How Open-minded am I? Paradigms & Dogmas

     “A paradigm, most simply, is both a model of and a template for reality. Complementary terms include ‘belief system’ and ‘worldview.’ Just as a fish cannot breathe outside of the water it swims in, so an individual operating within a paradigm is subject to the illusion that the paradigm represents the whole of reality. But no paradigm does. All models of reality, no matter how complex, are bound to leave out some aspects of the ‘reality’ they are attempting to model. Many paradigms come to constitute relatively closed conceptual systems that discount or exclude incompatible information, regardless of its potential validity within another paradigm. In the Structure of Scientific Revolutions (1970), philosopher Thomas Kuhn demonstrated that, far from being an accurate model of reality, the most a paradigm can be is a set of beliefs about the nature of an ultimately unknowable universe.
     The limitations of paradigms are counterbalanced by their advantages: paradigms provide clear conceptual models that facilitate one’s movement in the world.
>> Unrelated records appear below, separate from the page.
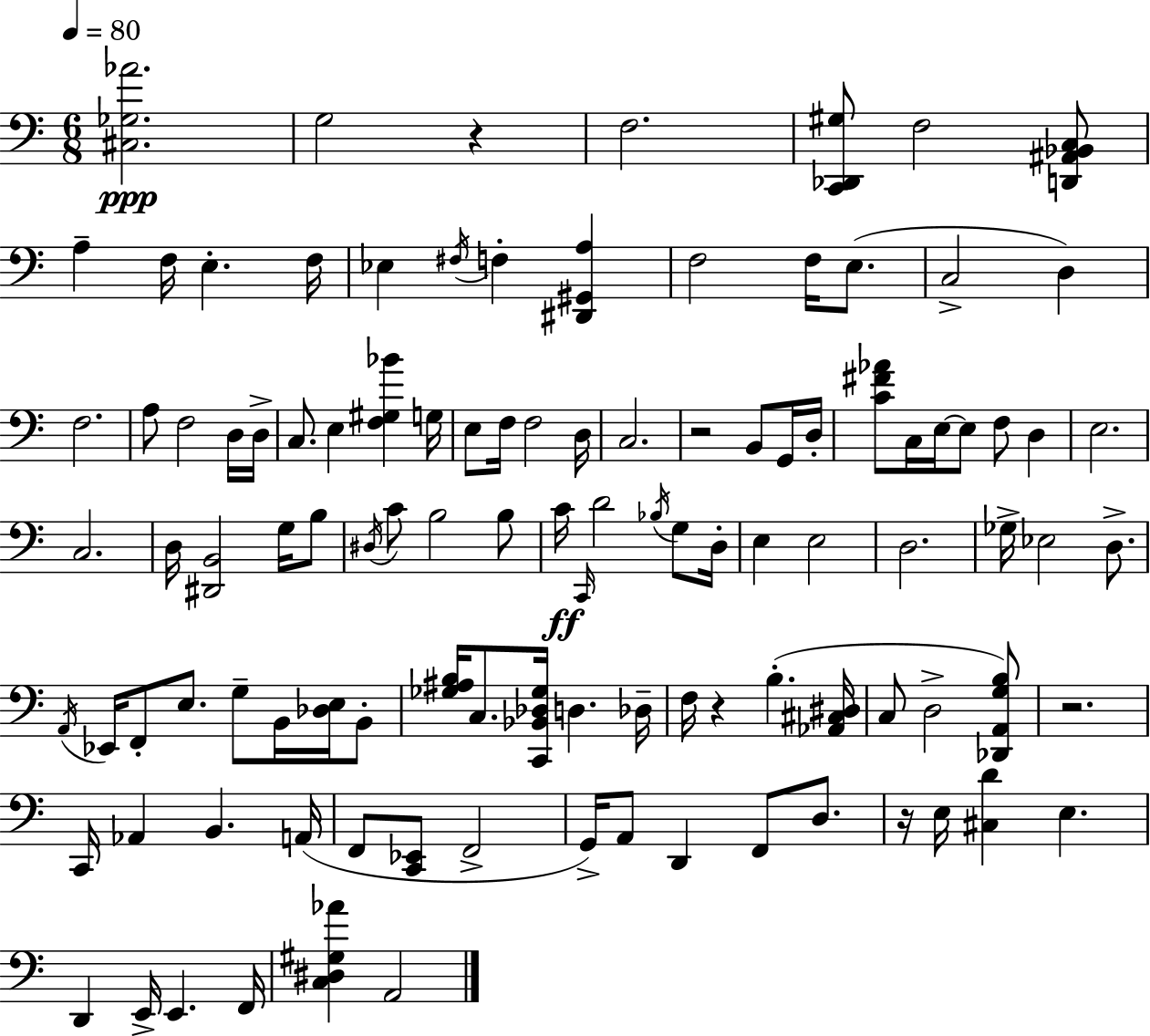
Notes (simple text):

[C#3,Gb3,Ab4]/h. G3/h R/q F3/h. [C2,Db2,G#3]/e F3/h [D2,A#2,Bb2,C3]/e A3/q F3/s E3/q. F3/s Eb3/q F#3/s F3/q [D#2,G#2,A3]/q F3/h F3/s E3/e. C3/h D3/q F3/h. A3/e F3/h D3/s D3/s C3/e. E3/q [F3,G#3,Bb4]/q G3/s E3/e F3/s F3/h D3/s C3/h. R/h B2/e G2/s D3/s [C4,F#4,Ab4]/e C3/s E3/s E3/e F3/e D3/q E3/h. C3/h. D3/s [D#2,B2]/h G3/s B3/e D#3/s C4/e B3/h B3/e C4/s C2/s D4/h Bb3/s G3/e D3/s E3/q E3/h D3/h. Gb3/s Eb3/h D3/e. A2/s Eb2/s F2/e E3/e. G3/e B2/s [Db3,E3]/s B2/e [Gb3,A#3,B3]/s C3/e. [C2,Bb2,Db3,Gb3]/s D3/q. Db3/s F3/s R/q B3/q. [Ab2,C#3,D#3]/s C3/e D3/h [Db2,A2,G3,B3]/e R/h. C2/s Ab2/q B2/q. A2/s F2/e [C2,Eb2]/e F2/h G2/s A2/e D2/q F2/e D3/e. R/s E3/s [C#3,D4]/q E3/q. D2/q E2/s E2/q. F2/s [C3,D#3,G#3,Ab4]/q A2/h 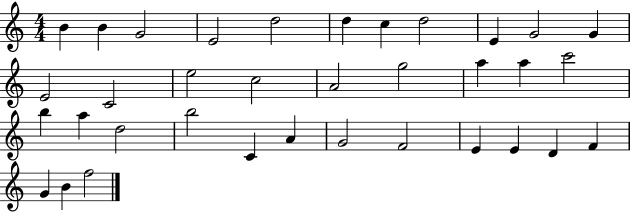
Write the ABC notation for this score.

X:1
T:Untitled
M:4/4
L:1/4
K:C
B B G2 E2 d2 d c d2 E G2 G E2 C2 e2 c2 A2 g2 a a c'2 b a d2 b2 C A G2 F2 E E D F G B f2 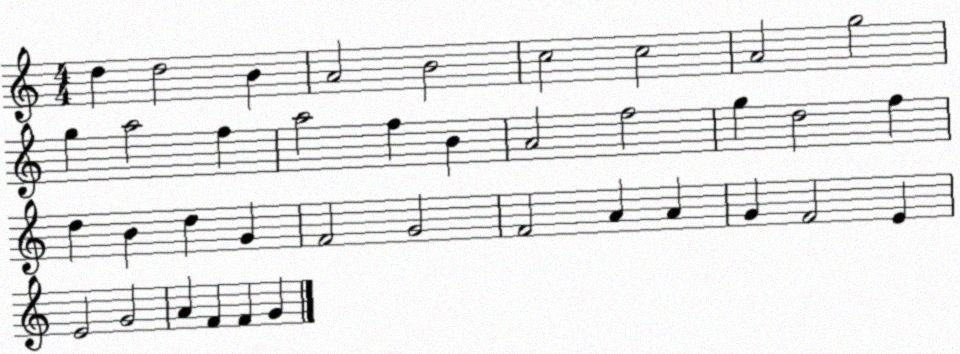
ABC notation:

X:1
T:Untitled
M:4/4
L:1/4
K:C
d d2 B A2 B2 c2 c2 A2 g2 g a2 f a2 f B A2 f2 g d2 f d B d G F2 G2 F2 A A G F2 E E2 G2 A F F G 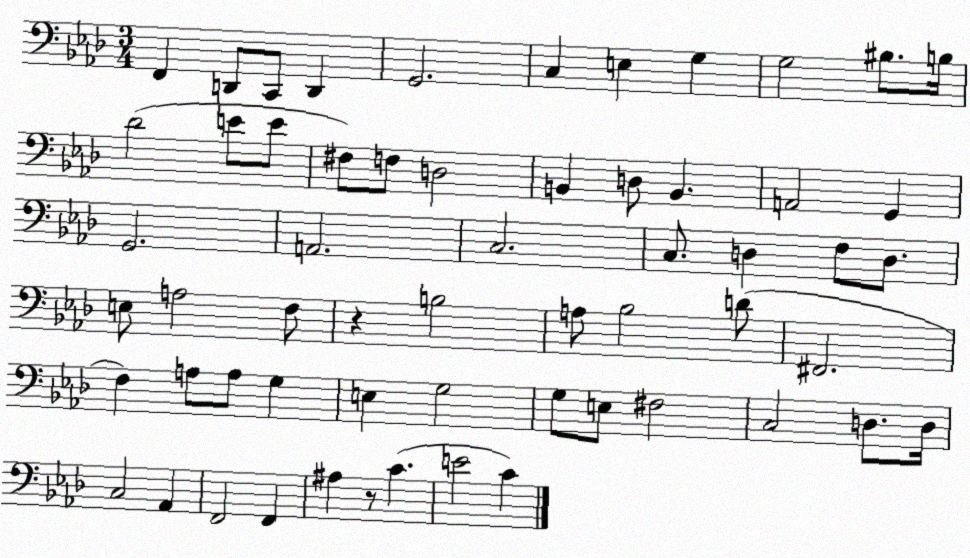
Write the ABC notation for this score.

X:1
T:Untitled
M:3/4
L:1/4
K:Ab
F,, D,,/2 C,,/2 D,, G,,2 C, E, G, G,2 ^B,/2 B,/4 _D2 E/2 E/2 ^F,/2 F,/2 D,2 B,, D,/2 B,, A,,2 G,, G,,2 A,,2 C,2 C,/2 D, F,/2 D,/2 E,/2 A,2 F,/2 z B,2 A,/2 _B,2 D/2 ^F,,2 F, A,/2 A,/2 G, E, G,2 G,/2 E,/2 ^F,2 C,2 D,/2 D,/4 C,2 _A,, F,,2 F,, ^A, z/2 C E2 C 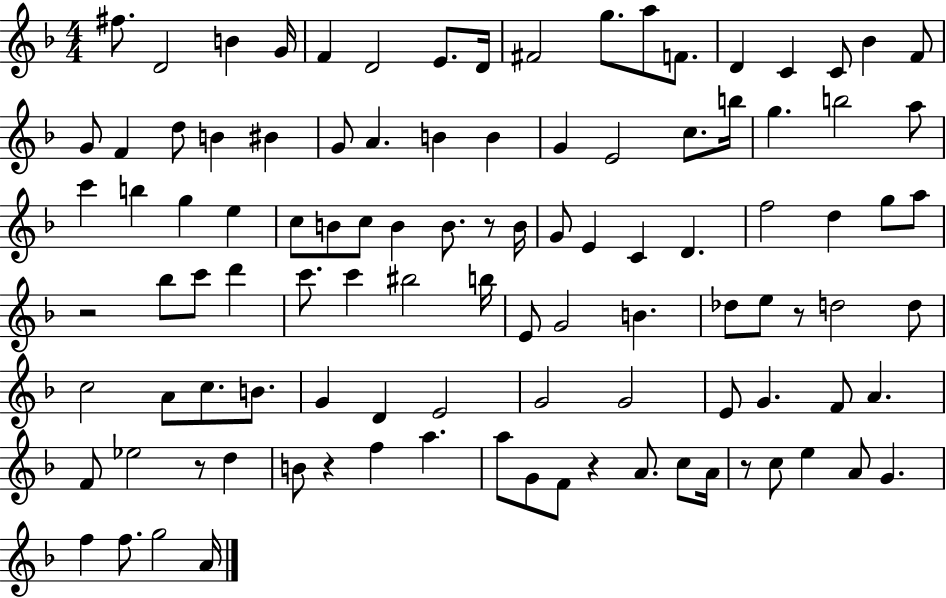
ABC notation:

X:1
T:Untitled
M:4/4
L:1/4
K:F
^f/2 D2 B G/4 F D2 E/2 D/4 ^F2 g/2 a/2 F/2 D C C/2 _B F/2 G/2 F d/2 B ^B G/2 A B B G E2 c/2 b/4 g b2 a/2 c' b g e c/2 B/2 c/2 B B/2 z/2 B/4 G/2 E C D f2 d g/2 a/2 z2 _b/2 c'/2 d' c'/2 c' ^b2 b/4 E/2 G2 B _d/2 e/2 z/2 d2 d/2 c2 A/2 c/2 B/2 G D E2 G2 G2 E/2 G F/2 A F/2 _e2 z/2 d B/2 z f a a/2 G/2 F/2 z A/2 c/2 A/4 z/2 c/2 e A/2 G f f/2 g2 A/4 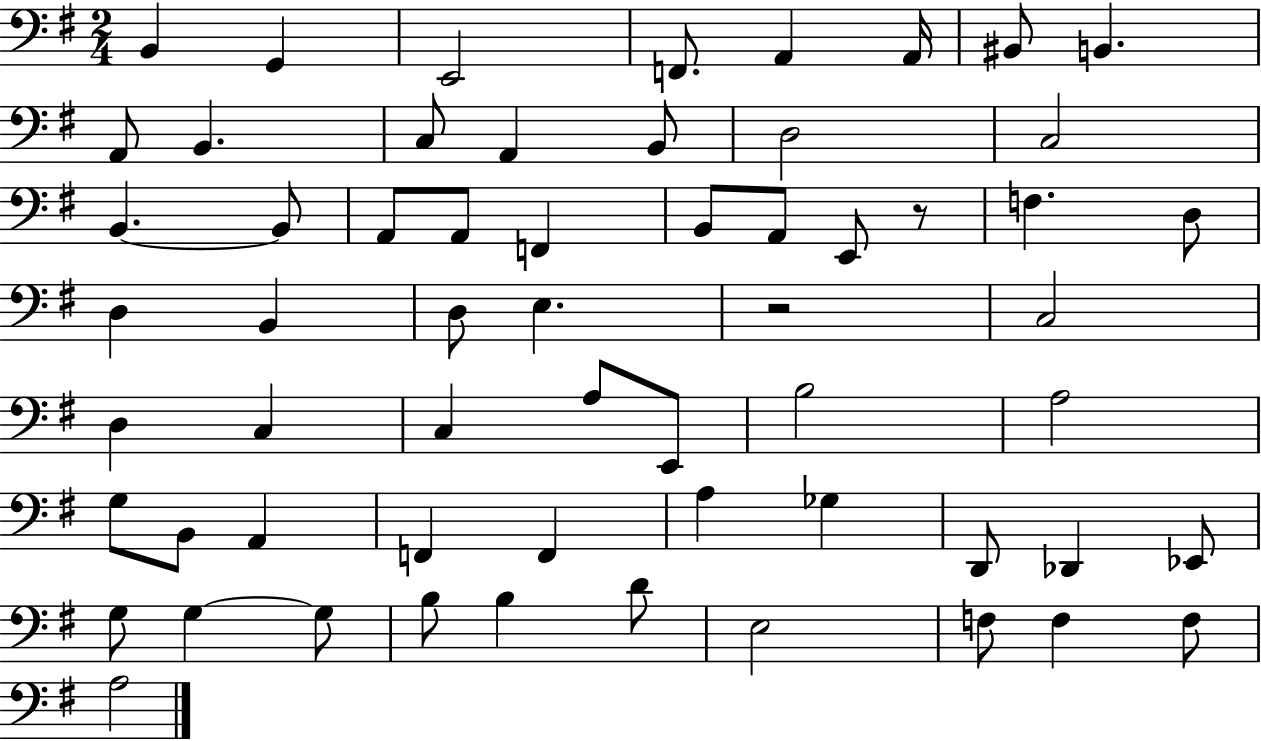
{
  \clef bass
  \numericTimeSignature
  \time 2/4
  \key g \major
  b,4 g,4 | e,2 | f,8. a,4 a,16 | bis,8 b,4. | \break a,8 b,4. | c8 a,4 b,8 | d2 | c2 | \break b,4.~~ b,8 | a,8 a,8 f,4 | b,8 a,8 e,8 r8 | f4. d8 | \break d4 b,4 | d8 e4. | r2 | c2 | \break d4 c4 | c4 a8 e,8 | b2 | a2 | \break g8 b,8 a,4 | f,4 f,4 | a4 ges4 | d,8 des,4 ees,8 | \break g8 g4~~ g8 | b8 b4 d'8 | e2 | f8 f4 f8 | \break a2 | \bar "|."
} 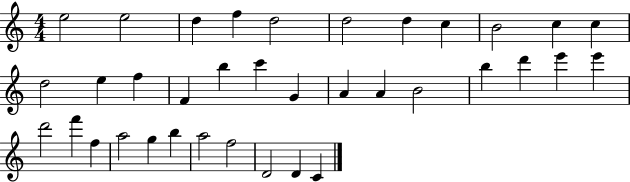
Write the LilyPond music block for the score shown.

{
  \clef treble
  \numericTimeSignature
  \time 4/4
  \key c \major
  e''2 e''2 | d''4 f''4 d''2 | d''2 d''4 c''4 | b'2 c''4 c''4 | \break d''2 e''4 f''4 | f'4 b''4 c'''4 g'4 | a'4 a'4 b'2 | b''4 d'''4 e'''4 e'''4 | \break d'''2 f'''4 f''4 | a''2 g''4 b''4 | a''2 f''2 | d'2 d'4 c'4 | \break \bar "|."
} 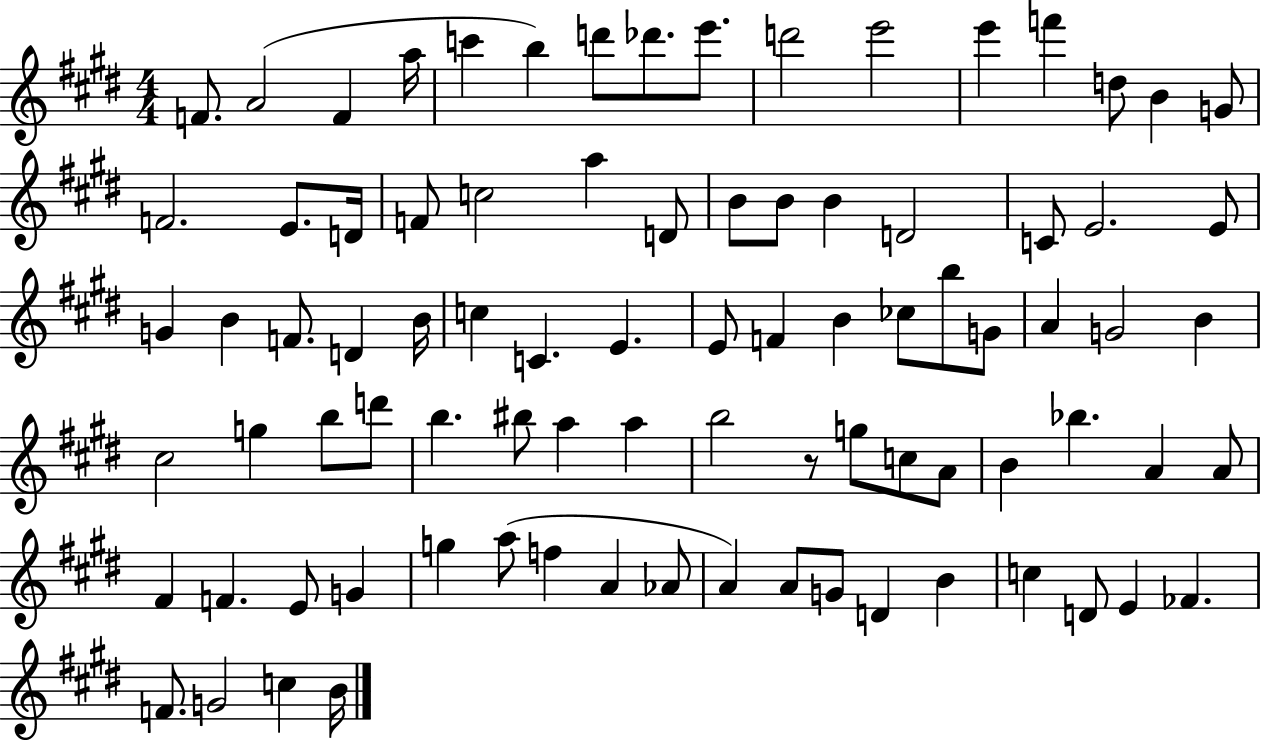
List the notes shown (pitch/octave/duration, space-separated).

F4/e. A4/h F4/q A5/s C6/q B5/q D6/e Db6/e. E6/e. D6/h E6/h E6/q F6/q D5/e B4/q G4/e F4/h. E4/e. D4/s F4/e C5/h A5/q D4/e B4/e B4/e B4/q D4/h C4/e E4/h. E4/e G4/q B4/q F4/e. D4/q B4/s C5/q C4/q. E4/q. E4/e F4/q B4/q CES5/e B5/e G4/e A4/q G4/h B4/q C#5/h G5/q B5/e D6/e B5/q. BIS5/e A5/q A5/q B5/h R/e G5/e C5/e A4/e B4/q Bb5/q. A4/q A4/e F#4/q F4/q. E4/e G4/q G5/q A5/e F5/q A4/q Ab4/e A4/q A4/e G4/e D4/q B4/q C5/q D4/e E4/q FES4/q. F4/e. G4/h C5/q B4/s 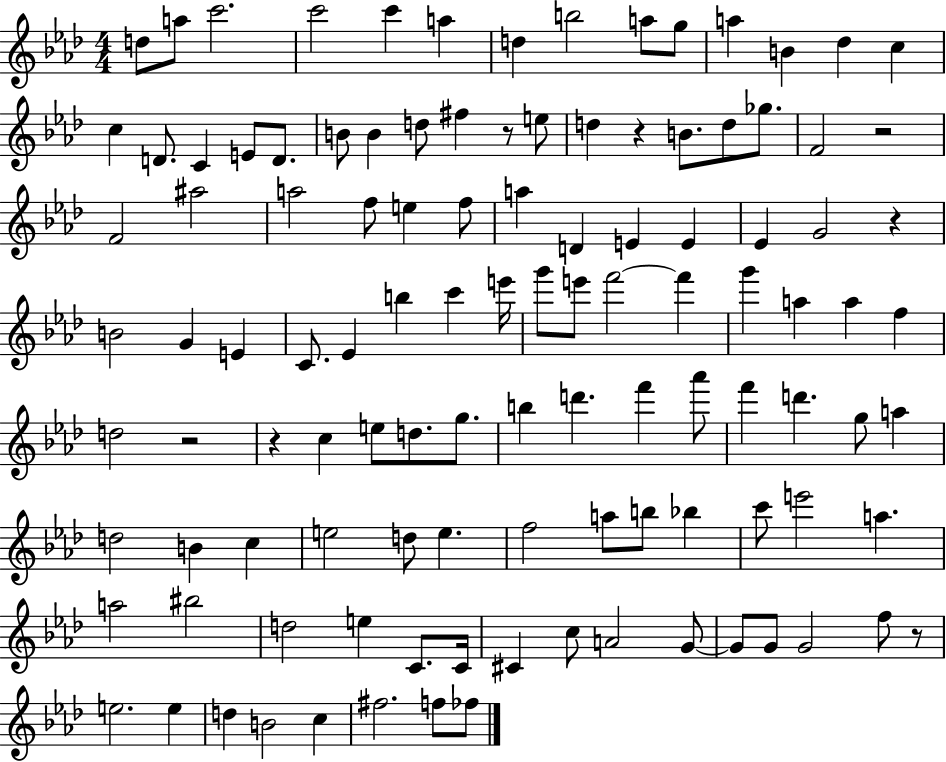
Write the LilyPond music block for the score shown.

{
  \clef treble
  \numericTimeSignature
  \time 4/4
  \key aes \major
  d''8 a''8 c'''2. | c'''2 c'''4 a''4 | d''4 b''2 a''8 g''8 | a''4 b'4 des''4 c''4 | \break c''4 d'8. c'4 e'8 d'8. | b'8 b'4 d''8 fis''4 r8 e''8 | d''4 r4 b'8. d''8 ges''8. | f'2 r2 | \break f'2 ais''2 | a''2 f''8 e''4 f''8 | a''4 d'4 e'4 e'4 | ees'4 g'2 r4 | \break b'2 g'4 e'4 | c'8. ees'4 b''4 c'''4 e'''16 | g'''8 e'''8 f'''2~~ f'''4 | g'''4 a''4 a''4 f''4 | \break d''2 r2 | r4 c''4 e''8 d''8. g''8. | b''4 d'''4. f'''4 aes'''8 | f'''4 d'''4. g''8 a''4 | \break d''2 b'4 c''4 | e''2 d''8 e''4. | f''2 a''8 b''8 bes''4 | c'''8 e'''2 a''4. | \break a''2 bis''2 | d''2 e''4 c'8. c'16 | cis'4 c''8 a'2 g'8~~ | g'8 g'8 g'2 f''8 r8 | \break e''2. e''4 | d''4 b'2 c''4 | fis''2. f''8 fes''8 | \bar "|."
} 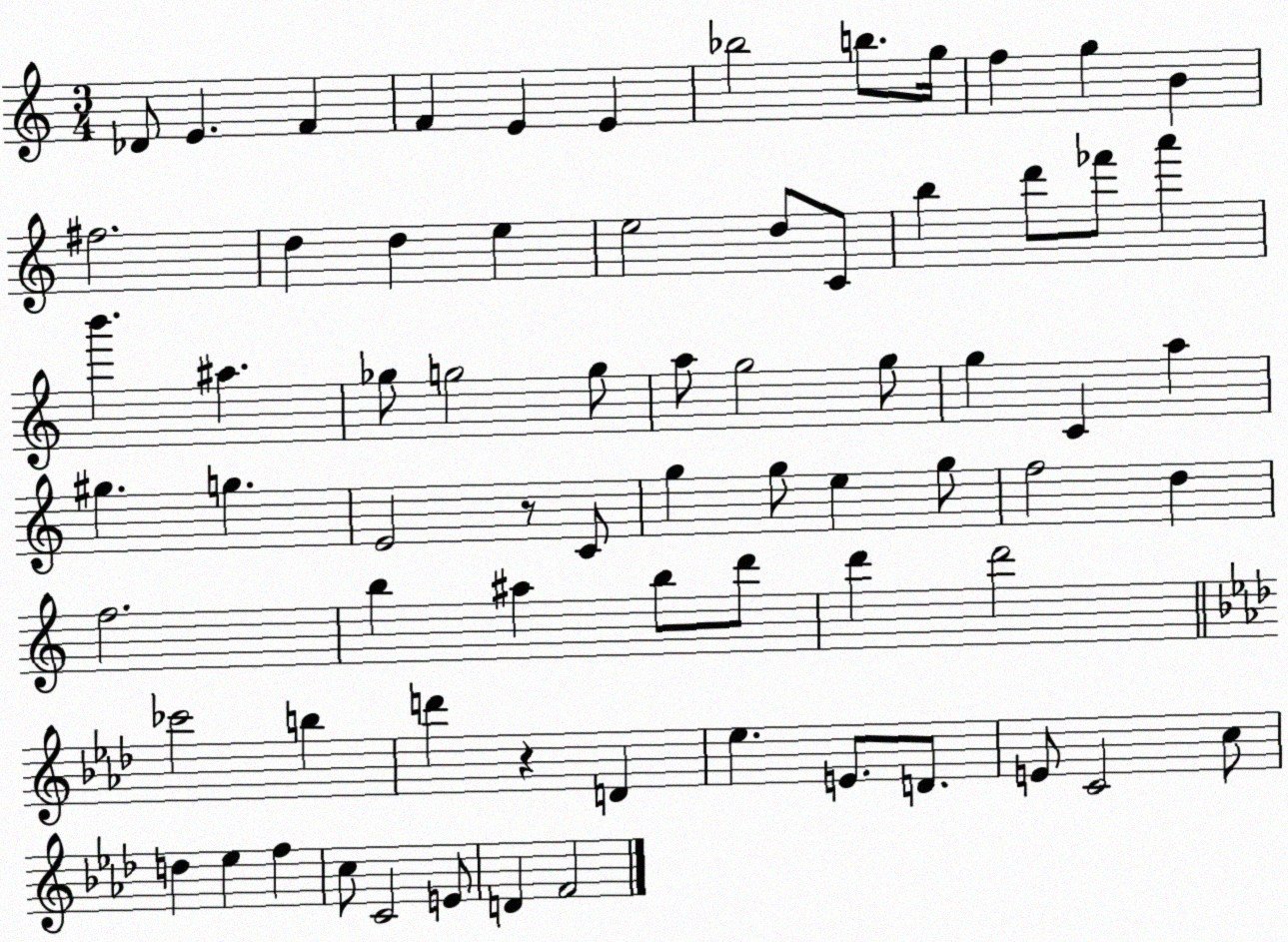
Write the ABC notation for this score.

X:1
T:Untitled
M:3/4
L:1/4
K:C
_D/2 E F F E E _b2 b/2 g/4 f g B ^f2 d d e e2 d/2 C/2 b d'/2 _f'/2 a' b' ^a _g/2 g2 g/2 a/2 g2 g/2 g C a ^g g E2 z/2 C/2 g g/2 e g/2 f2 d f2 b ^a b/2 d'/2 d' d'2 _c'2 b d' z D _e E/2 D/2 E/2 C2 c/2 d _e f c/2 C2 E/2 D F2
In acting not only as models of – but also as templates for – reality, paradigms enable us to behave in organized ways, to take action that make sense under a given set of principles. ‘To paradigm,’ if you will, is to create the world through the story we tell about it. We then can live as cultural beings in the organized and coherent paradigmatic world we have created. We cannot live without paradigms. But we can learn to be conscious and aware of how they influence our thoughts and shape our experience, to understand that they open some possibilities while closing others. That awareness can bring a rare kind of freedom – the freedom to ‘think beyond.’
     Davis-Floyd R, St. John G. “From doctor to healer. The transformative journey.” Rutgers University Press, London, 1998.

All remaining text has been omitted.